S. Typhi has evolved as a human-restricted pathogen without any known environmental niche. This specialization is associated with genome degradation, as up to 5% of its genome includes predicted open reading frames that have become pseudogenes. There are two TCS that are pseudogenes in S. Typhi: TorR and the sensor TtrS. The TtrSR system is involved in tetrathionate respiration in the inflamed gut, which provides a competitive advantage against the intestinal microbiota [112]. However, the production of the Vi capsule by S. Typhi prevents intestinal inflammation [9], suggesting that S. Typhi does not need the TtrRS system and the ttrR mutant did not show any phenotype in the tested conditions here. The TorSR system is not characterized in Salmonella. In E. coli, TorR activates the transcription of torCAD [113], which encodes proteins required for anaerobic respiration [114,115,116]. Here, even in the absence of a functional sensor, the torR mutant was defective in invasion and had a higher level of survival in macrophages.

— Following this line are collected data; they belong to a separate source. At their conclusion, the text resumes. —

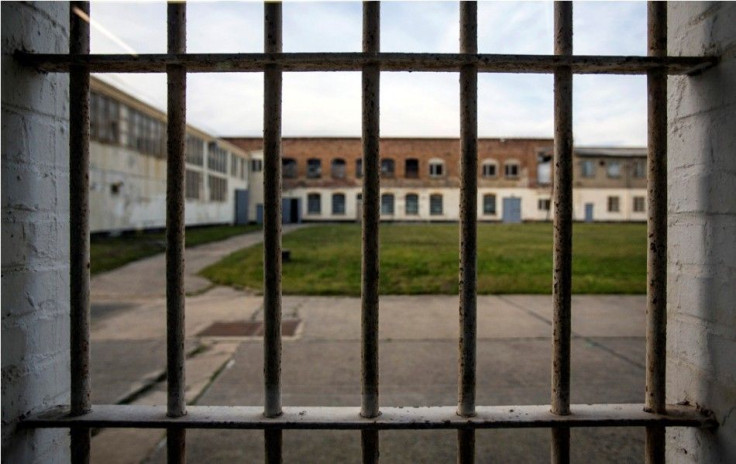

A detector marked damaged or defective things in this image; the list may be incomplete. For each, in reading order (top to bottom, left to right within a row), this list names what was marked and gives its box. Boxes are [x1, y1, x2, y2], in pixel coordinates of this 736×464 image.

rusty iron bar [69, 1, 92, 462]
rusty iron bar [165, 1, 187, 462]
rusty iron bar [264, 1, 284, 462]
rusty iron bar [17, 51, 716, 75]
rusty iron bar [25, 402, 716, 432]
rusty iron bar [360, 3, 382, 460]
rusty iron bar [458, 1, 480, 460]
rusty iron bar [548, 3, 572, 464]
rusty iron bar [644, 1, 668, 462]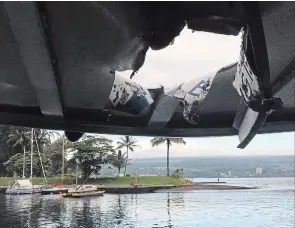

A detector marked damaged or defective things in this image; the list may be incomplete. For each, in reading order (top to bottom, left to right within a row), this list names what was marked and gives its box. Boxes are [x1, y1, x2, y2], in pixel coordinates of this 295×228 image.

damaged boat roof [0, 1, 294, 148]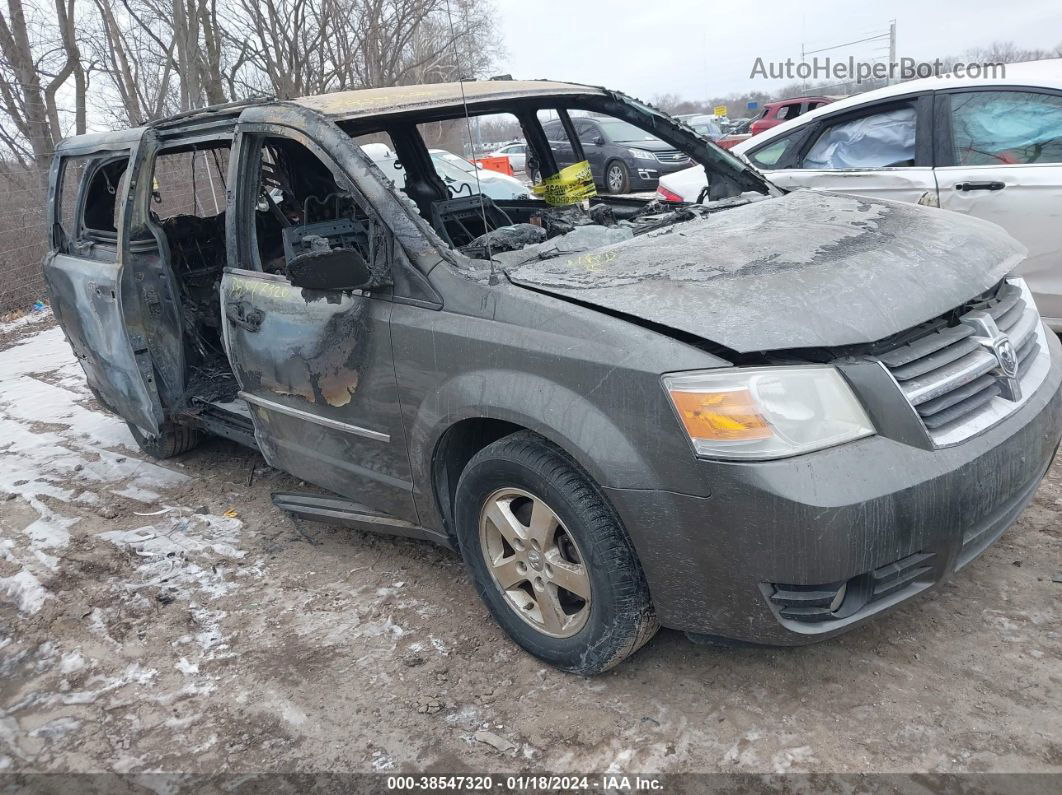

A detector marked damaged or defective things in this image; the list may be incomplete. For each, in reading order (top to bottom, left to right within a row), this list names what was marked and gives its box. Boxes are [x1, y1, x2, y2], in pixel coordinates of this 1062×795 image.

broken window glass [798, 105, 917, 168]
broken window glass [951, 89, 1062, 164]
burned door opening [220, 127, 418, 524]
burned minivan [45, 82, 1062, 670]
burnt hood [505, 191, 1028, 352]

Epithelial cell invasion was the infection step in epithelial cells where TCS mutants differed significantly when compared to the wild-type, as 16 mutants demonstrated changes in invasion (7 increased invasion and 9 decreased invasion). As expected, the sirA (Salmonella invasion regulator) deletion resulted in decreased invasion, consistent with the role of SirA in inducing SPI-1 [97,117]. The complementation of this mutant restored the wild-type level (Figure 3). By contrast, only 5 mutants were affected in their adhesion level and 8 in intracellular replication, compared to the wild-type. Interestingly, none of the TCS mutants had the same phenotypic pattern (Table 1), except for the 6 aforementioned mutants that did not differ from the wild-type. This emphasizes the diversity of TCS used to respond to environmental changes as well as the specificity of each system, as each TCS is unique.

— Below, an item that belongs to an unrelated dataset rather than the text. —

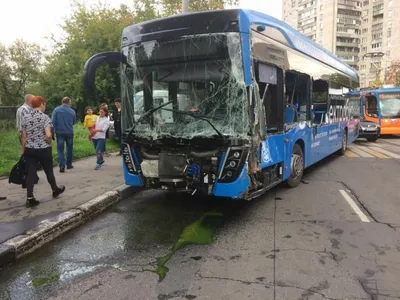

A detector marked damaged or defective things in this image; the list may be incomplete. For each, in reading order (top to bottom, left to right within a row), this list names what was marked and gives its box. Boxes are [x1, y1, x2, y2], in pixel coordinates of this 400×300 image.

shattered windshield [120, 32, 248, 140]
damaged blue bus [83, 9, 360, 200]
cracked pavement [0, 154, 400, 298]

The rcsB mutant showed increases in cell interactions for almost all tested conditions, except for intracellular replication in epithelial cells. RcsB belongs to the Rcs phosphorelay, a complex TCS with three members, RcsC, RcsD, and RcsB, and several accessory proteins involved in the stress envelope response. RcsB was shown to repress important virulence factors, including fimbriae, SPI-1, and also activation expression of the Vi capsule [16,90]. Thus, some virulence genes are expressed in the rcsB mutant, which lead to increased adhesion and invasion and the Vi capsule is repressed, which increased phagocytosis by these cells [118].

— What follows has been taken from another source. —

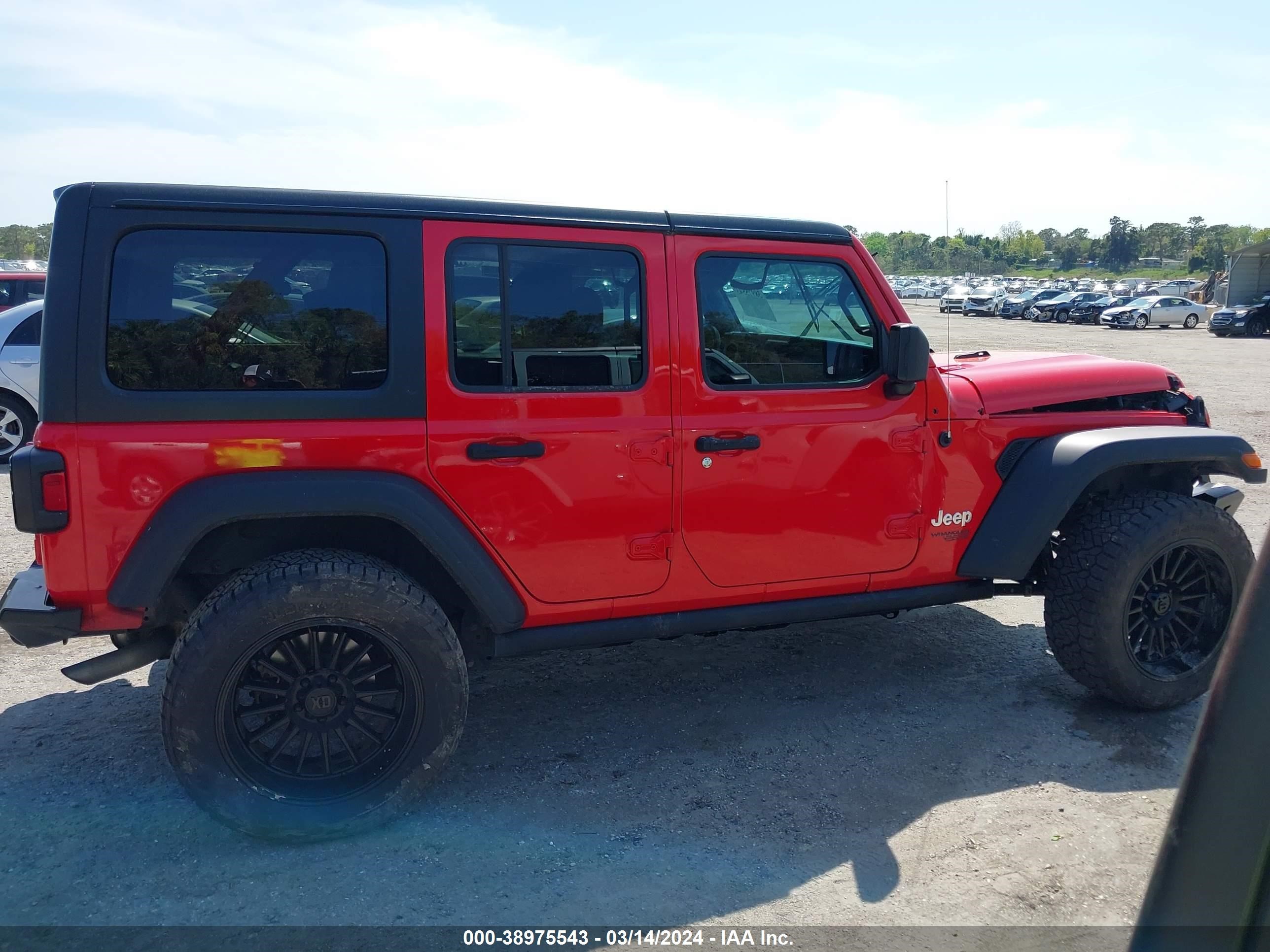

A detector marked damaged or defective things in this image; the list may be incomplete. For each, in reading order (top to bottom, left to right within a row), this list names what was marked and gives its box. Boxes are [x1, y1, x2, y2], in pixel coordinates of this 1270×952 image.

crumpled hood [931, 353, 1183, 416]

The ompR mutant showed the lowest level of adhesion and one of the lowest levels of invasion (Figure 1). These defects were restored by the addition of a wild-type copy of ompR (Figure 3). The motility of the ompR mutant was also reduced to 85% of the wild-type. An ompR mutant was attenuated in S. Typhimurium [71] and OmpR was associated with the activation of SPI-2 [73,74,75] and motility genes [119]. This regulation pattern is exactly the opposite of the Rcs system, which may explain why these mutants have strong and opposite phenotypes. These phenotypes are specific to each mutation and did not involve the Vi capsule.

5. Conclusions

Virulence genes expression needed to be tightly regulated in order for S. Typhi to adapt and survive within the host. TCS participate in the regulation of several virulence factors and we have shown that several TCS contribute to adhesion, invasion, replication, uptake, and survival of S. Typhi. Distinct phenotypes of the CpxR mutant of S. Typhi compared to S. Typhimurium may reveal fundamental regulatory differences associated with S. Typhi niche specialization. Further characterization of the regulons associated with TCS involved in virulence and identification of the signals required for their activation will be important to understand S. Typhi pathogenesis. This will help to identify and develop strategies to prevent and or to reduce typhoid infections.